Erdoğan Türk, Arnavut ve Yahudilerin katledildiği katliamda ölenleri yanlış fotoğrafla andı
Cumhurbaşkanı Erdoğan bundan tam 201 yıl önce yaşanan Tripoliçe Katliamı olarak adlandırılan Yunan Bağımsızlık Savaşı'nda katledilen Türk, Arnavut ve Yahudiler ile ilgili paylaşımda yanlış bir fotoğraf paylaştı.
Cumhurbaşkanı Recep Tayyip Erdoğan 1821 yılında medyana gelen Tripoliçe Katliamı'nda hayatını kaybedenleri sosyal medya hesabından andı.
Ancak Erdoğan'ın paylaştığı görsel Tripoliçe katliamına ait olmadığı görüldü.
Erdoğan'ın bu tweetinden sonra bu görselin Trpoliçe Katliamı'ndan 100 yıl önceki bir savaşa ait olduğuna ilişkin paylaşımlar yapıldı.
Ancak Yeniçağ'ın haberine göre paylaştığı görselin Tripoliçe Katliamı'ndan 100 yıl önceki bir savaşa ait olduğu ortaya çıktı.
Bir sosyal medya kullanıcısı, “Sayın Cumhurbaşkanım yine sizi kandırmışlar. Bu twette kullandığınız görsel başka bir savaşa ait.

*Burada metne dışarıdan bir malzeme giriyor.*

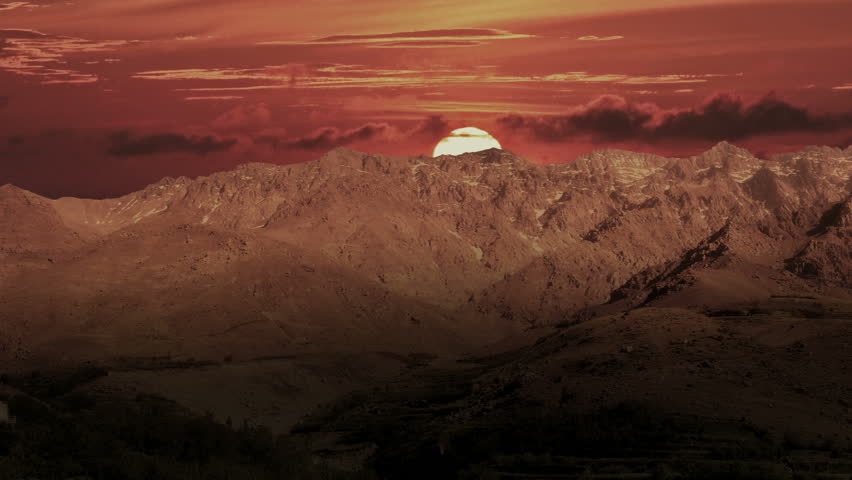 Sunrise time lapse over High Atlas mountains in Morocco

Tripoliçe’den 100 yıl önceki bir savaşa ait” diyerek bir bağlantı paylaştı.
ERDOĞAN'IN PAYLAŞTIĞI GÖRSEL PETROVARADİN SAVAŞINA AİT
Cumhurbaşkanı Tayyip Erdoğan'ın paylaştığı görsel ise 1716 yılında Avusturya Macaristan İmparatorluğu ile Osmanlı İmparatorluğu arasında geçen Petrovaradin Savaşı'nı anlatmaktadır.
Bu savaşı da Osmanlı Devleti kaybetti. Bu çizimi yapan kişi ise 1666 yılında Almanya'nın Bavyera Bölgesi'nde doğan Georg Philipp Rugendas idi. Askeri resimleri ile bilinen Rugendas 1746 yılında öldü.
TRİPOLİÇE KATLİAMI
Tripoliçe Katliamı, Yunan Bağımsızlık Savaşı'ndaki Tripoliçe kuşatması esnasında 23 Eylül 1821 günü şehrin düşmesi ile Müslümanlar (Türk ve Arnavut) ve Yahudiler katledildi.

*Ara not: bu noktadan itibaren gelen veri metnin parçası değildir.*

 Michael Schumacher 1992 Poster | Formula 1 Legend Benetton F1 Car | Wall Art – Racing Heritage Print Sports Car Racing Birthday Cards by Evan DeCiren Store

23 Eylül 1821'de kentin düşmesinin ardından Türk, Arnavut ve Yahudilerin de bulunduğu binlerce insan katledildi. Bu olay tarihe Tripoliçe katliamı olarak geçti.

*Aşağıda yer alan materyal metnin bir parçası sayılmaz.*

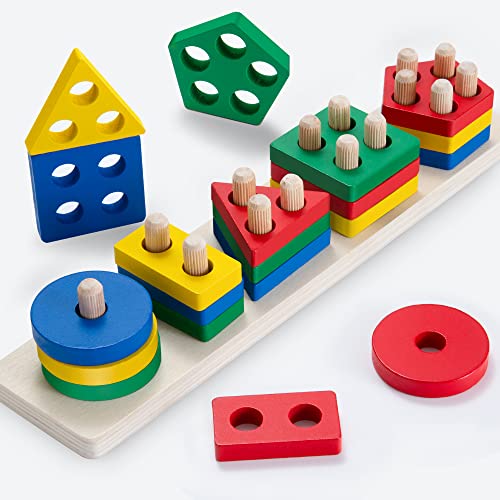 Wisplye Juguetes de Madera para Apilar y Encajar para Bebés con 20 Bloques Geométricos de Colores, Montessori Apilables Educativos Apilador Maderapara Niños Niñas Bebés de 2 3 4 5 Años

İngiliz asker ve tarihçi Thomas Gordon, katledilen sivillerin sayısını 8.000 olarak tahmin ederken, 8.000 de Osmanlı askerinin öldürüldüğünü belirtmişti. Yunan komutan Teodoros Kolokotronis ise anılarında 32.000 kişinin katledildiğini yazmış ve cesetlerin çokluğundan atının şehir duvarlarından saraya kadar toprağa basmadığını iddia etmekteydi.